So war Folge 14 – Ethan und Josy überzeugen Heidi Klum | ABC-Z

Seit 20 Staffeln rekrutiert Heidi Klum quotenrelevanten Modelnachwuchs zur Donnerstagsprimetime. Von Tag eins an stand „Germany’s Next Topmodel“ dabei für seinen Umgang mit sehr jungen Frauen stärker im Kritikfokus der hypersensiblen deutschen Öffentlichkeit als Friedrich Merz für seinen Umgang mit „kleinen Paschas“.
Linke Ränder des nationalen Diskurskorridors halten GNTM für eine abscheulich antifeministische Sexismus-Doku.
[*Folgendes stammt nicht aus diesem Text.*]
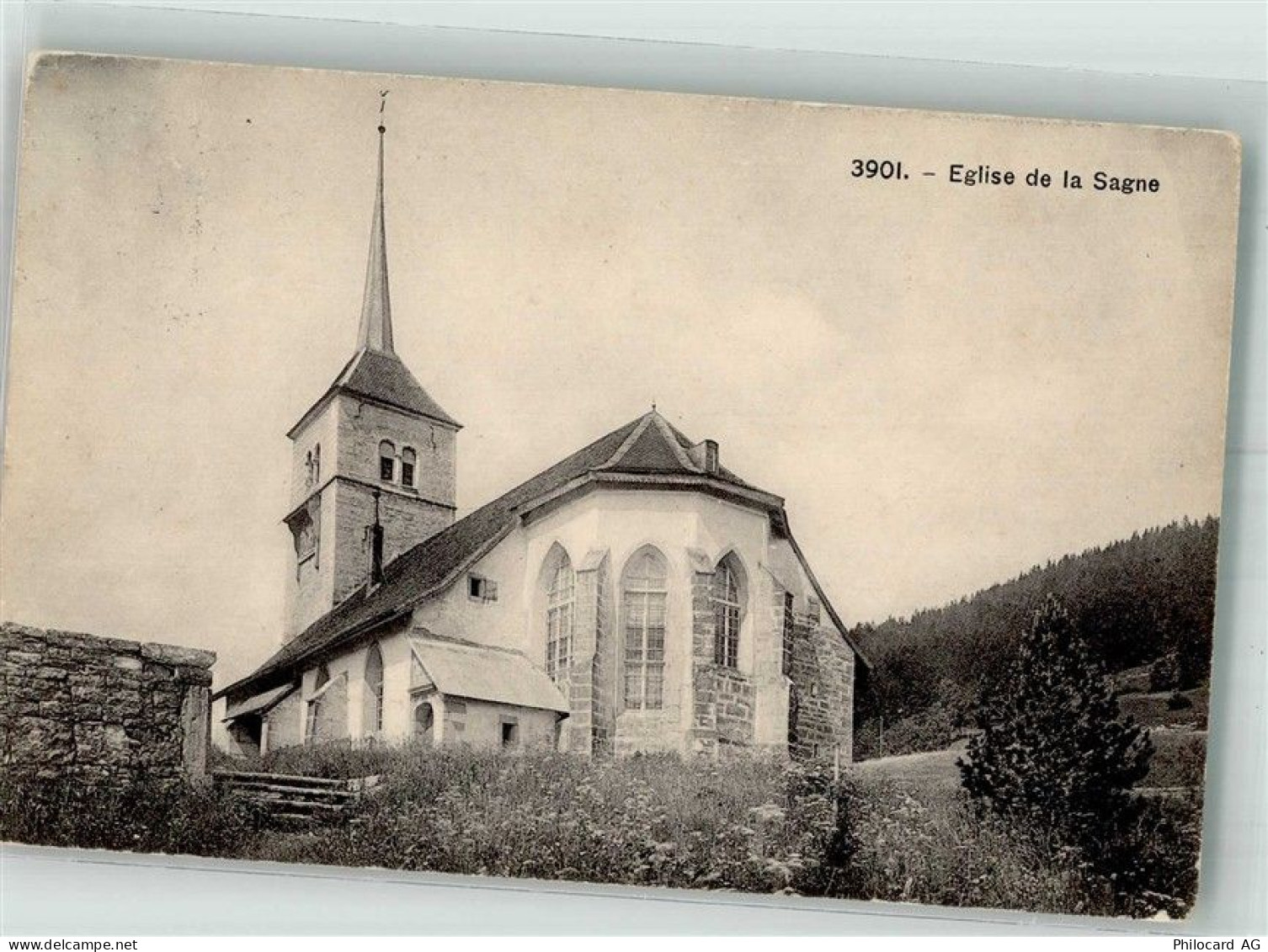 2314 La Sagne NE 1916 Foto AK Kirche - 38216703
Rechte Ränder stört es, dass GNTM phänotypisch nicht ausschließlich auf streng teutonisches Mädchenmaterial setzt. Beide Lager sind sich sicher: GNTM ist das Sinnbild des kulturellen und intellektuellen Niedergangs dieses Landes. Wenn man also so will, hat GNTM das Phänomen Hufeisentheorie bereits entlarvt, als es das Phänomen Hufeisentheorie noch gar nicht gab.
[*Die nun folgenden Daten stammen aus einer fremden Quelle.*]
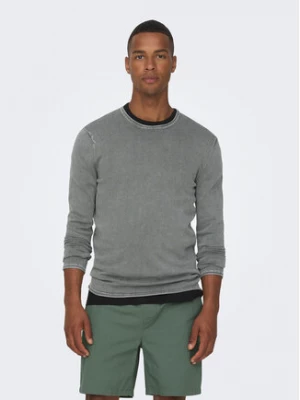 Only & Sons Sweter 22006806 Szary Regular Fit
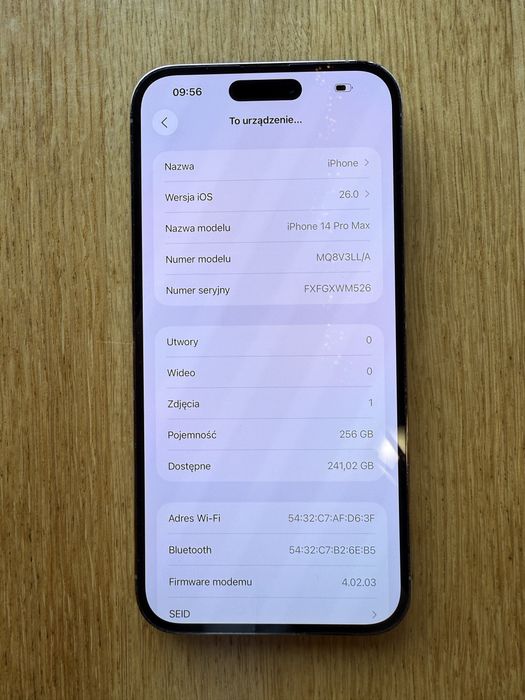 iPhone 14 Pro Max 256 GB – wersja USA (eSIM)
Man darf von Heidi Klums Influencer-Trainings-Format also halten, was man will. An Abenden wie dem der S20E14 wird aber klar: Man kann ihr nicht vorwerfen, sie würde ihre Teilzeit-Schutzbefohlenen nicht auf die Realitäten der Entertainment-Branche vorbereiten. Heute etwa robotet der mittlerweile in Los Angeles angekommene Topmodelkader fremdgesteuert als Marionetten über den Catwalk. Fremde Menschen, die man nie sieht, ziehen die Strippen für blutjunge Rampensäue, die sich unten auf dem Boden der Tatsachen der Unterhaltungs-Industrie Mühe geben, dabei nicht unterzugehen. S20E14 übrigens, das nur für alle, die noch in der „Hörzu“ nachschauen, ob Sonntag wieder pünktlich der „Tatort“ läuft, ist die fancy Abkürzung für: Staffel 20, Episode 14.
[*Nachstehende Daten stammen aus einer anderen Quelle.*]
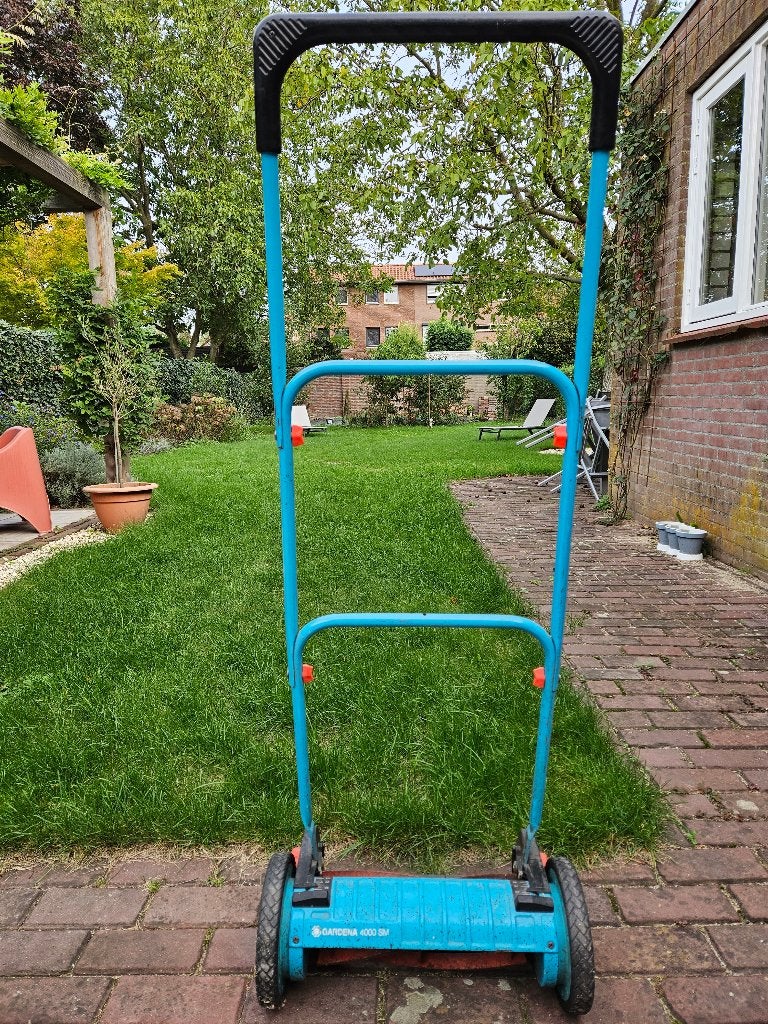 Gardena 4000 SM Handgrasmaaier, Ophalen, Gebruikt, Metaal, Inklapbaar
Lieber Mario Nette als Mario Barth, aber für Models gilt das nicht
Und Staffel 20, Episode 14 startet mit einem weiteren Eingriff in das Grundkonzept des zweitberühmtesten Sendeformats im Fernsehen, bei dem jungen Menschen jäh ihren Traum von einer goldenen Zukunft begraben müssen – nach „Bundestagswahl live“. Statt zwei Folgen pro Woche nun eine Folge auf zwei Wochen – GNTM betreibt seine eigene Art der Zeitdehnung. Anders kann man kaum erklären, warum die komplette Sendezeit für nur einen Runway-Auftritt verschlissen wird und am Ende sogar Bilder vom Shooting der Vorwoche verteilt werden, da für anständige Fotoproduktionen in dieser Woche wohl kein Budget mehr verfügbar war.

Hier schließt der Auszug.